Instances can be connected and disconnected across associations using the relate and unrelate statements. The following example creates two instances of O_CLS and connects them across the reflexive association R2.

.create object instance inst1 of O_CLS
.create object instance inst2 of O_CLS
.relate inst1 to inst2 across R1.'other'

The following example disconnects them again.

.unrelate inst1 from inst2 across R1.'other'

Recent versions of the language allow connecting and disconnecting association classes in one single control statement. The following example creates one instance of CLS, O_CLS and A_CLS and then connects them to each other.

.create object instance cls of CLS
.create object instance other_cls of O_CLS
.create object instance assoc_cls of A_CLS

.relate cls to other_cls across R1 using assoc_cls

The following example disconnects them again, and deletes the association instance.

.unrelate cls from other_cls across R1 using assoc_cls
.delete object instance assoc_cls

Note

Disconnected instances of association classes violates model integrity and must be deleted manually.

Deleting Instances

The delete object instance statement is used to delete instances from the model. The following example selects an arbitrary instance of CLS and deletes it.

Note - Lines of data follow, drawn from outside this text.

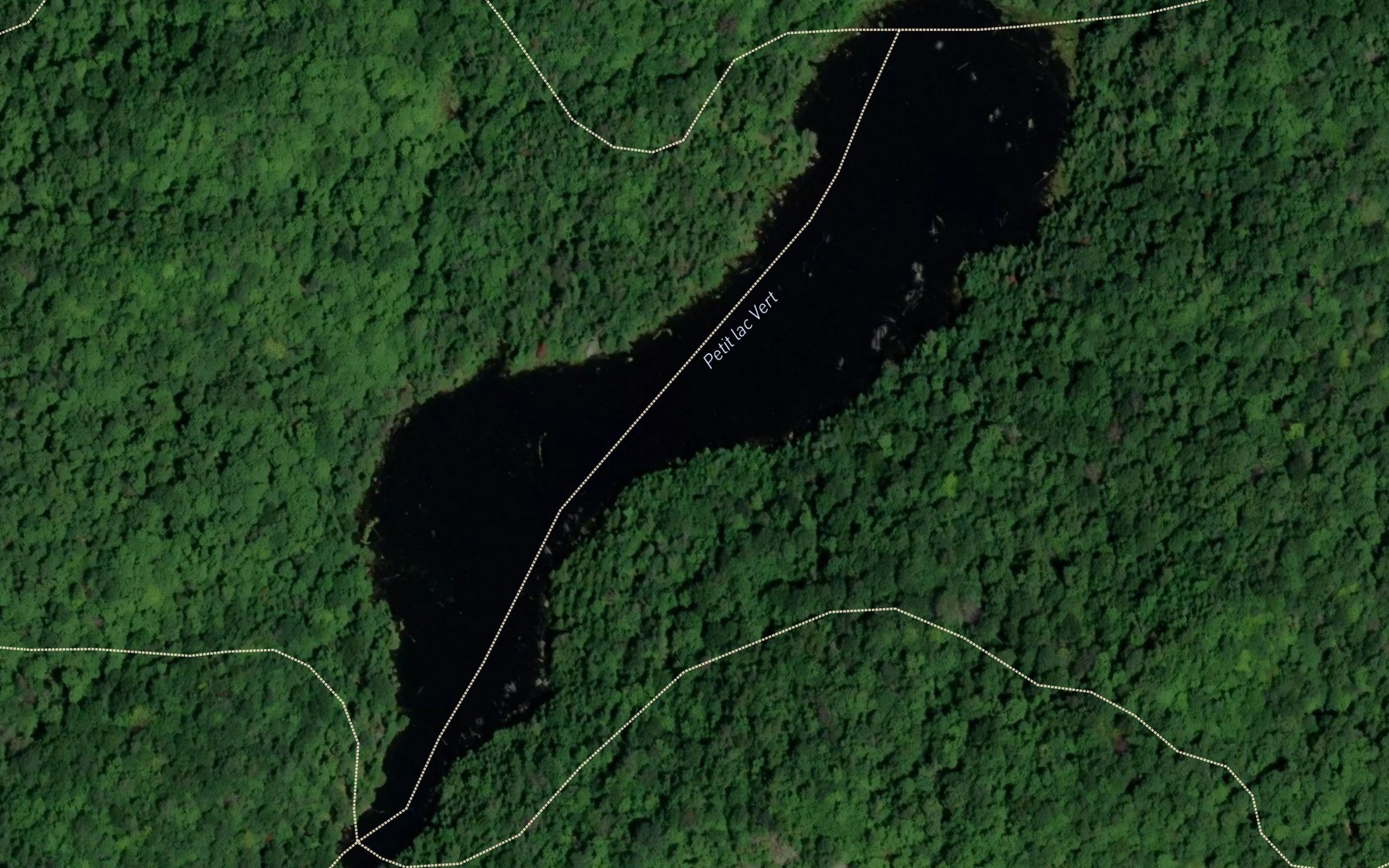Satellite map of the Petit lac Vert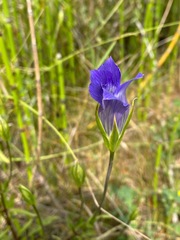 Gentianopsis macrantha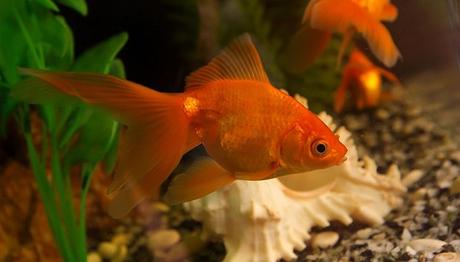 Peces Goldfish: Historia, Tipos Y Cuidados – La Elección Perfecta Para Tu Acuario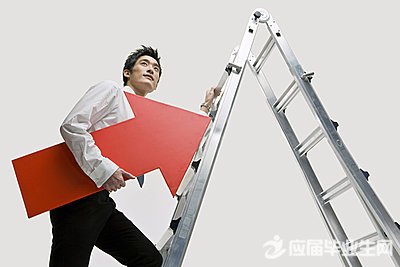 如何成为职场上的大树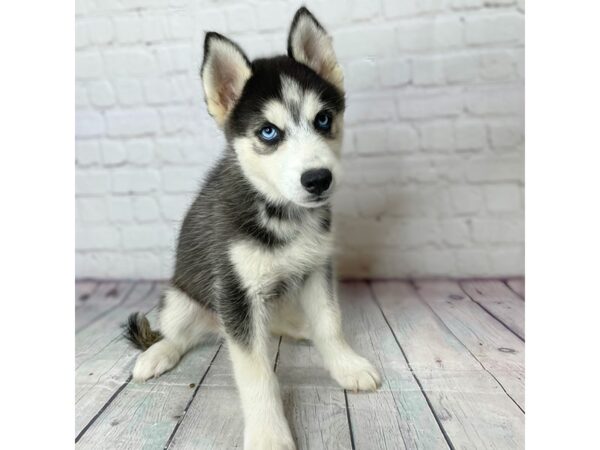 Siberian Husky-DOG-Female-Black / White-14067-Petland Pickerington, Ohio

.select any inst from instances of CLS
.delete object instance inst

When an instance is deleted, the instance is removed from the class extent, and is unrelated from existing associations. Note that it is up to the user to ensure model integrity, e.g. that the data is not violating association constraints.

Warning

The delete statement only remove instances from the model, transient references may still refer to them. Depending on the language implementation, accessing such references may result in undefined behaviour.

Functions and Fragments

Functions allow reuse of blocks of control statements. All functions return a fragment. A fragment can be thought of as a pseudo-instance that has at least one, and possibly more attributes containing data specified by the function. The intent of functions is to use them to build fragments which can be organized into larger fragments and eventually used to build a whole generated file.

Note

All functions have their own literal buffer and cannot modify any other buffer when they operate in buffer mode.

Defining Functions

Functions are defined using the function statements, and parameters are defined using the param statement. In addition to the core types, three additional types can be used by parameters; inst_ref, inst_ref_set and frag_ref. The following example define a function f with one parameter of each type.

.function f
    .param boolean      My_Boolean
    .param integer      My_Integer
    .param real         My_Real
    .param unique_id    My_Unique_Id
    .param string       My_String
    .param inst_ref     My_Instance
    .param inst_ref_set My_Set
    .param frag_ref     My_Fragment
.end function

Tip

Recent versions of the language allow specifying the kind of class an inst_ref or inst_ref_set may refer to. The kind of class is specified using angle brackets as examplified below.

.function Func
    .param inst_ref<Key_Letter>     My_Instance
    .param inst_ref_set<Key_Letter> My_Set
.end function

When the kind of class is specified for an inst_ref or inst_ref_set, arguments are type checked accordingly.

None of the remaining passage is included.